Software quality is terrible. I know that we have had a focus on quality for decades now and we have created vast departments of testers and armed them with world class tools. But the truth remains: initial build quality is unacceptably low, developers do too little unit testing and are allowed to get away with delivering code that has had no rigor applied to prove it. And this is because they are under the time-to-market pressure. Everyone is being rightly business focused but we are just not putting code out that is good enough. Why do we give the automated test tools to QA. Make the developers get 100% rates from automated testing before they give it to QA. The QA team did not put the bugs in the code so they deserve to get better quality code when it is delivered.

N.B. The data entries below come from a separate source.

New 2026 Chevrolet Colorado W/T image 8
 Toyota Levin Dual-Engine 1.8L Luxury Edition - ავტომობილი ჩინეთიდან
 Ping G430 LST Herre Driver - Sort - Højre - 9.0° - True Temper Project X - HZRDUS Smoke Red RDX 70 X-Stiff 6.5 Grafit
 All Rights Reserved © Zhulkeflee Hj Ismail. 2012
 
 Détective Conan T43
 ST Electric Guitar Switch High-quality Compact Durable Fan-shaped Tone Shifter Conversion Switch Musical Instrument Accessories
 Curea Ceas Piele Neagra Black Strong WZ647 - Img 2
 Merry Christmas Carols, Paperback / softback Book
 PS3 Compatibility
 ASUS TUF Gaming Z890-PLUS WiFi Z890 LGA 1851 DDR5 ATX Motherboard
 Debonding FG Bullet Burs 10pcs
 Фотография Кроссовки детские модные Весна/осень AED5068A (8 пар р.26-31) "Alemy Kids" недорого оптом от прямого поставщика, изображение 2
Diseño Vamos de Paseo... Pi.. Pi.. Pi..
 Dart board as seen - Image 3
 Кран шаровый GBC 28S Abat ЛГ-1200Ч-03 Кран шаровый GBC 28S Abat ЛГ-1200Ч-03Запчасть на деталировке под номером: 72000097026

Releases are too big. We have got into the habit of making releases that are the size of the Titanic and are likely to go the same way. These massive releases contain every last item the business analysts, project managers, release managers, architects and developers can squeeze into them. The releases end up having massive pre-requisites and co-requisites, contain dozens of requirements, hundreds of change requests and result in thousands of code changes. The amount of churn these release cause and the impact on the system’s stability introduce so much risk that it has become incalculable and so we have stopped trying estimate it. We have to have more releases, not fewer, they need to be smaller and thematic and our mantra should stop being “what else can we squeeze in” and instead be “what more can we leave out”.
We have to trust each other. A typical release management process tests and tests and tests. We go from unit, to functional, to regression, to user acceptance, to integration, to performance, to pre-production (and no doubt you have a few more of your own) and we invariably retest what has already been tested. And we find errors that should have been found earlier. So we keep on doing this, we keep on checking the checkers instead of fixing the root cause. If we are letting errors through an earlier part of the testing cycle we need to fix the area that is missing things NOT add more testing later to compensate. And making the initial build quality better will make it so we have the time to do so. When we get there we have to trust our fellow testers and start doing large parts of the testing in parallel. This alone can have the release time.
Approver aren’t accountable. We set up elaborate meetings to get approval from stakeholders for the changes to go into production. We call them the million-dollar meetings. They happen every week, for two hours, and we walk through a spreadsheet of changes planned in the next release window. There are 60 people on the phone who earn over $100,000 each. And when we get to their item on the agenda they give us a non-committal “we’re happy with it” and we take this as positive affirmation that we can change the infrastructure. It has to stop. The release manager needs to collect electronic signatures and when things go wrong all the approvers need to answer the question “why did you approve?” Not only do they need to be accountable. There needs to be consequences.
Who in the organization has the power to make these kinds of radical change in how we do releases? Only the CIO. If these ideas come from the apps teams or the ops team the others are going to be suspicious.
It’s time release management reported to the CIO. It’s the only way.